One idea they floated at a county commission meeting last month was for the Alachua County Board of Commissioners to declare a local state of emergency. Similar flooding occurred in this area in February 1998, and the county at that time did declare a local state of emergency.

In April 1998, these emergency management powers included paying Ramsey Stock Farm Inc. more than $50,000 of public funds, which paid for the farm’s culverts to be closed. The closure restricted the flow of water that drains off of the farm and into the Kanapaha Prairie area.

John Harvey of the Thousand Oaks Homeowners Association said he’s thankful for the longterm water management plans that the county has in place but believes a two-month wait like the one in 1998 will come too late for many residents in the flooded area.

“Two months from now, if we keep going where we’re going, we’re going to be way past just a few houses flooded,” Harvey said. “We have the short term concerns."

Floyd Thompson, chair of the Board for Northern Kanapaha Farmers Association, brought images of a stream in his own backyard to show the level of flooding residents are experiencing. Before the flooding, he could step across the stream.

Floyd now says that same stream is a half a mile wide.

“We’ve not had a lot of rain since September but there’s a tremendous amount of water coming our way from the prairie south of us,” Thompson said. “If we get a foot of rain in the next couple of months, we’re really looking at a lot of water.”

Harvey and Thompson presented to the board a short-term contingency plan for the flooding. In addition to declaring the local state of emergency, the proposal included county staff determining what structural measures need to be installed to stop water draining from Ramsey Stock Farm, preparing an agreement with Ramsey Stock Farm to install those measures, and draft a permit application to the St. Johns River Water Management District to approve the use of the measures and request that the culverts under Interstate Highway 75 be closed as well.

County commissioner Robert Hutchinson responded positively to the ideas proposed.

“I think what is being requested of us is very reasonable,” Hutchinson said. “I know that we are looking at some of the long-term issues, but the weather pattern that we’re in could mean we need to begin exploring these issues.”

But according to Jim Harriott, the deputy county manager for public works and growth management, there have been many roadblocks to implementing a plan like the one brought before the board.

“We have talked to the Ramsey property owners. They are unwilling sellers at this point. They have indicated that,” Harriott said.

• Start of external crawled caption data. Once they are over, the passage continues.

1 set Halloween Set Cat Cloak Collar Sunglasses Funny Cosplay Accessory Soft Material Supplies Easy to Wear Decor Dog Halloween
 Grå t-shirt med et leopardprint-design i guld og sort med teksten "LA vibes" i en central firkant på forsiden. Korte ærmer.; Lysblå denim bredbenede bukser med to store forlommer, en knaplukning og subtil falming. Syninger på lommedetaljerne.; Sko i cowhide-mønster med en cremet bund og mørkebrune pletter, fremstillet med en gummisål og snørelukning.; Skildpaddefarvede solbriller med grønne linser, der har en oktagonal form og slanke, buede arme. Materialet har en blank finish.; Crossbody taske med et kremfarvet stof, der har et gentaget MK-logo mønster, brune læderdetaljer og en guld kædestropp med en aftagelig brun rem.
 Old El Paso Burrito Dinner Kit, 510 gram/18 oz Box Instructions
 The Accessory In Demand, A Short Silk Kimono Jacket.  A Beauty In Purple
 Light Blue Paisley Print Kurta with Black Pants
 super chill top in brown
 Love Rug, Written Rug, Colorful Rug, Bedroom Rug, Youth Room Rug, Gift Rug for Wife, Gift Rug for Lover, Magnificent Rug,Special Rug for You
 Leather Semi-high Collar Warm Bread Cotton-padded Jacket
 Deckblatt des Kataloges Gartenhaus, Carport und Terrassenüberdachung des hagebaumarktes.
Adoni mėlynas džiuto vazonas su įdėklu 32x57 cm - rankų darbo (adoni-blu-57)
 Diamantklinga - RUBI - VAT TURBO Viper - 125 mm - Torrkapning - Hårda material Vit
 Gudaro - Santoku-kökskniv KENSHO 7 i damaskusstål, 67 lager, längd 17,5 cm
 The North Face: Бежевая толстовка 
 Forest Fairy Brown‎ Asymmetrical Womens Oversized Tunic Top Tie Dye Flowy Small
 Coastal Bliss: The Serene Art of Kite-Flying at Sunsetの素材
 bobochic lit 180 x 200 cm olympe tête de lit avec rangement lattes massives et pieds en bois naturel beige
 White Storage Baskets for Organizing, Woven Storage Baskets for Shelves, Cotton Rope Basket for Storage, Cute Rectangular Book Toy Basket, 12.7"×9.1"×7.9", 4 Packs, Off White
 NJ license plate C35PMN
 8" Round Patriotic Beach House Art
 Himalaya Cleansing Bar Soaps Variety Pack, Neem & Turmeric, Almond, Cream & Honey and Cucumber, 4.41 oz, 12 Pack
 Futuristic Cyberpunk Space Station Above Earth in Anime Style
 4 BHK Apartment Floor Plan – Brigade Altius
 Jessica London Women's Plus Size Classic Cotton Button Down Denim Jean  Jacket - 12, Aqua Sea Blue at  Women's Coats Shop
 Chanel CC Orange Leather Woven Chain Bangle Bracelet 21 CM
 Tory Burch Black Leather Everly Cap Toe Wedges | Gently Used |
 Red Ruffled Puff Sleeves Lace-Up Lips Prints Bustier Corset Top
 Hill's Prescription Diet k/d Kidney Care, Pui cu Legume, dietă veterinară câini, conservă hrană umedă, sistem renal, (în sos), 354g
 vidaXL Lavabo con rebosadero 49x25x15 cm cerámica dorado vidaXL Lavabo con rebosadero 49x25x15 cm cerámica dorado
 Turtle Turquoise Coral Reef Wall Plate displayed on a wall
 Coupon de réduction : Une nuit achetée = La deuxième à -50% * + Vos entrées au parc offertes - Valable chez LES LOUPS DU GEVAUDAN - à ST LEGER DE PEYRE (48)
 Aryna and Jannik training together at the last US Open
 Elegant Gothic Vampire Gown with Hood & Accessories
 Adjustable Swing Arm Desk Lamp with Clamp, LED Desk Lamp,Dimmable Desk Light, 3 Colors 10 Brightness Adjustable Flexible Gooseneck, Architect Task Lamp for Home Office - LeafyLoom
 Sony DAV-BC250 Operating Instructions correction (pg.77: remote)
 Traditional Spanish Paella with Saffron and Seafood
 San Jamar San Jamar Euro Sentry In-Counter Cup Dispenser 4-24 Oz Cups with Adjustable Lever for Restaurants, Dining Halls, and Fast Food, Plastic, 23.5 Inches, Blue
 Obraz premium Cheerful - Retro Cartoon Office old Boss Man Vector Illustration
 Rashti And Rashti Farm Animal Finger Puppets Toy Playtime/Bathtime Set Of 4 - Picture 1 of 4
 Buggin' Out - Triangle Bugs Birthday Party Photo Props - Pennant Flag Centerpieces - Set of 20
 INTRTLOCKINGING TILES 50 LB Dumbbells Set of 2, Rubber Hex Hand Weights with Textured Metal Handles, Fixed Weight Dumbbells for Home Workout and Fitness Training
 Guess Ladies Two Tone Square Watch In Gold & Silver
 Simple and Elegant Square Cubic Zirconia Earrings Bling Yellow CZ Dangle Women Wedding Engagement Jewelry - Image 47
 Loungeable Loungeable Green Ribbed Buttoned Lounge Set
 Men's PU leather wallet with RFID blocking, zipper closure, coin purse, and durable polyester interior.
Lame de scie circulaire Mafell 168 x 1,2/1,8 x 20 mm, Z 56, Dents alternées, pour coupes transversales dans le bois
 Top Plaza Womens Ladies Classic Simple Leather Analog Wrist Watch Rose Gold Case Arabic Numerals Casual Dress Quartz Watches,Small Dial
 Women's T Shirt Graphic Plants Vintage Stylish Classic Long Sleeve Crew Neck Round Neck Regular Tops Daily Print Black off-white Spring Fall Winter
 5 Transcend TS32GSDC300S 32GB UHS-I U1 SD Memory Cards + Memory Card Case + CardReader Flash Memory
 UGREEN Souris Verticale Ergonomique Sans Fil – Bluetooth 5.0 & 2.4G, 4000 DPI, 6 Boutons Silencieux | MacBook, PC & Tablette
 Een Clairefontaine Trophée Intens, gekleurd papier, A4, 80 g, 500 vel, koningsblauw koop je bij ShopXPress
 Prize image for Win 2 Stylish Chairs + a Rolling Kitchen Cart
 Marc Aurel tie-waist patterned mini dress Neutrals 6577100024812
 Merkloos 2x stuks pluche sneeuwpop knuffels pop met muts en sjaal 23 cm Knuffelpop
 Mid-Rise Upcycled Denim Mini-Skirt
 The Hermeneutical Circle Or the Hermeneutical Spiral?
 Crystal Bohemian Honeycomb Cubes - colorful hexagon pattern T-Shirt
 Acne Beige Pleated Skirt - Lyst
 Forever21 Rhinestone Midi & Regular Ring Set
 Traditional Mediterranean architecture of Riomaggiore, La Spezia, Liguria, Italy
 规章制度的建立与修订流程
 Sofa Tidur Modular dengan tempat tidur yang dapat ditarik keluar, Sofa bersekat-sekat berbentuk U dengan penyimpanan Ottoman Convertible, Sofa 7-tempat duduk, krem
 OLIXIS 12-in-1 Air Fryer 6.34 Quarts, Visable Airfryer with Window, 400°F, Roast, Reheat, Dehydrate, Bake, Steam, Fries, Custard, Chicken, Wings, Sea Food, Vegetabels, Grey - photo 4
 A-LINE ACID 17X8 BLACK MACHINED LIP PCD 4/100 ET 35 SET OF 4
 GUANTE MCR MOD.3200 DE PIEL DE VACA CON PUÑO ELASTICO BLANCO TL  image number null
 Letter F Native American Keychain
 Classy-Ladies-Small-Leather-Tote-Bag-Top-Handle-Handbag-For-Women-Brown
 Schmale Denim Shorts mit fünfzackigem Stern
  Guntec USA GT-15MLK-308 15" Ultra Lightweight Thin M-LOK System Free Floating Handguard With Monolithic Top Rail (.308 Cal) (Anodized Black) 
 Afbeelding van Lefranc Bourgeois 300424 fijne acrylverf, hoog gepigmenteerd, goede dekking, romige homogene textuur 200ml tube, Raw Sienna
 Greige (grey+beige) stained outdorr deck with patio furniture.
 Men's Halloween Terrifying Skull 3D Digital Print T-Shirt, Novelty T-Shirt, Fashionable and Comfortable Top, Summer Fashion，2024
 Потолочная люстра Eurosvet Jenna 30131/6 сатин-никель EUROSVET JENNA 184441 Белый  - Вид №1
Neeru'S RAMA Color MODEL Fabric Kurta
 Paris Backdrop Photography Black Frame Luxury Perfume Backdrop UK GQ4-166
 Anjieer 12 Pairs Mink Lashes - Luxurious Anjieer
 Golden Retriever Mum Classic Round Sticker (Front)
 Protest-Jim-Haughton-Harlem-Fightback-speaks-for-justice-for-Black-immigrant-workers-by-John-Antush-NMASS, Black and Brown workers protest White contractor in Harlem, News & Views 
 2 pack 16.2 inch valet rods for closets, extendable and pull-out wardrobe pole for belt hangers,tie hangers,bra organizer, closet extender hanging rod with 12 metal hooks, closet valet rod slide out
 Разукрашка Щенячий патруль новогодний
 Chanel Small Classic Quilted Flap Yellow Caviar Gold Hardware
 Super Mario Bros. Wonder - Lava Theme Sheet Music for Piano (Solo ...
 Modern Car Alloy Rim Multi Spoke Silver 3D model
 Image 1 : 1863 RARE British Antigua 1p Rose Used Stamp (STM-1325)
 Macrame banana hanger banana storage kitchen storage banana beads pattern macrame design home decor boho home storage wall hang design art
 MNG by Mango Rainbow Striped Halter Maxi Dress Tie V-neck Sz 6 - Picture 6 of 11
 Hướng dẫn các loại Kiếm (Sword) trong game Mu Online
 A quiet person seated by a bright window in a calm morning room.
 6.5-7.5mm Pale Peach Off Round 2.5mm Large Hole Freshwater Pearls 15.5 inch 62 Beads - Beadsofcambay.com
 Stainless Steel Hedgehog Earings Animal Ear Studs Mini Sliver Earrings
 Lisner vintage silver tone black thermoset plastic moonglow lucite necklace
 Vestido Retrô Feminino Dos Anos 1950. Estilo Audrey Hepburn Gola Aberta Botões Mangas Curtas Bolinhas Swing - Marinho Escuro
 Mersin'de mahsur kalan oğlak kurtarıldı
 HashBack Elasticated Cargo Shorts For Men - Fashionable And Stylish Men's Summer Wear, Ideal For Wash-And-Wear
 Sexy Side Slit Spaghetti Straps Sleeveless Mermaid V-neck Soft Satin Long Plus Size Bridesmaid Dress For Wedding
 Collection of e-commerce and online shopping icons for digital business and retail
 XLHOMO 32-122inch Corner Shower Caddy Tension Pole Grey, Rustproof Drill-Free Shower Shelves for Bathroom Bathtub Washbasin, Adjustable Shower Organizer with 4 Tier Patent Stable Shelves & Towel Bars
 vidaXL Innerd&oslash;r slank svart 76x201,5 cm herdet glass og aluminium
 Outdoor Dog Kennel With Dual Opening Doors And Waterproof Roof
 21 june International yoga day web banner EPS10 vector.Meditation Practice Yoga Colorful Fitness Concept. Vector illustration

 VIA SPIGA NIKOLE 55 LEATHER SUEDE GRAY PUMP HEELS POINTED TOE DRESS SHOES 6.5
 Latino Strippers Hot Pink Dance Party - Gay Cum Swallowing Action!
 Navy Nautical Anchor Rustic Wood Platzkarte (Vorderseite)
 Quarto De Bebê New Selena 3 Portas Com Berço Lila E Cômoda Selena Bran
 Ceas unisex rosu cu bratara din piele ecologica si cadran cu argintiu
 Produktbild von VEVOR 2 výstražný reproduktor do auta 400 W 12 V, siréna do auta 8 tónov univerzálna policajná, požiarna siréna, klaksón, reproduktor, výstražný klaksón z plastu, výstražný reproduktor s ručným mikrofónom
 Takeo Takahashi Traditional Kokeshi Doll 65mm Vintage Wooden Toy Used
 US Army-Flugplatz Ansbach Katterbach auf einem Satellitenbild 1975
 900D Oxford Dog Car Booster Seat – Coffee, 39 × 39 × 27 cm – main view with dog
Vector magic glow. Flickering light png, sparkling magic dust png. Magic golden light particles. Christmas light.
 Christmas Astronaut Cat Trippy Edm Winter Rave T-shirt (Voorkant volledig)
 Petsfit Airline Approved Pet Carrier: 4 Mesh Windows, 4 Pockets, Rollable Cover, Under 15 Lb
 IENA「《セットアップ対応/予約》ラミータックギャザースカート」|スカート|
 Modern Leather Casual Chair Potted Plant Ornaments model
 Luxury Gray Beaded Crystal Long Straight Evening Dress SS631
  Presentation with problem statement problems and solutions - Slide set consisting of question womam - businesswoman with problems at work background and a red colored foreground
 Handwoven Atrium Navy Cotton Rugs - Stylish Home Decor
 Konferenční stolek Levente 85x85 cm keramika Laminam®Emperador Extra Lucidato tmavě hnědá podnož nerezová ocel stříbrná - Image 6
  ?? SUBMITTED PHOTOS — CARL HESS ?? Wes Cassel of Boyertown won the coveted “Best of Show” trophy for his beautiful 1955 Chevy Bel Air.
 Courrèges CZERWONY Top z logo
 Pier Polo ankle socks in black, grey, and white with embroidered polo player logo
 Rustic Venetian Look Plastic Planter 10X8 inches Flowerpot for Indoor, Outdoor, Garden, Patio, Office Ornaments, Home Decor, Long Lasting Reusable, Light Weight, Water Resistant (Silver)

Marty Smith, the attorney representing the Ramsey family, made it clear that closing the culverts on Ramsey Stock Farm would affect more than the Ramseys.

“If they close the culverts, they’ll be flooding tens of thousands of acres of other people’s property. So they’re not going to close the culverts,” Smith said.

The culverts currently keep water from flooding a private roadway that the Ramsey family uses to access other parts of their property.

“If they didn’t have that roadway there, then the water would flow out freely even more so than it’s doing now,” Smith said.

Unless the county is able to reach an agreement with the owners of the Ramsey Stock Farm, the culverts on the property will remain open and water will continue to drain into the Kanapaha Prairie area.

According to Harriott, the county is still taking steps to evaluate using the property even though an agreement has not yet been reached.

Alachua County applied for a grant in February from the St. Johns River Water Management District. The grant would offset some of the costs that would come from an agreement with Ramsey Stock Farm. Because the county does not have property rights on the farm, the project is not grant eligible. The county is applying regardless.

“We are putting in an application anyway and asking them to formally tell us no,” Harriott said.

According to James Troiano, the intergovernmental coordinator for the St. Johns River District, the project would be ineligible for the grant because the county did not have ownership or control of the property by Feb. 15, 2019.

For residents like James Harvey, each day that passes without a concrete plan of action means another day the floodwaters come closer and closer to homes.

“I watch it go up each day,” Harvey said.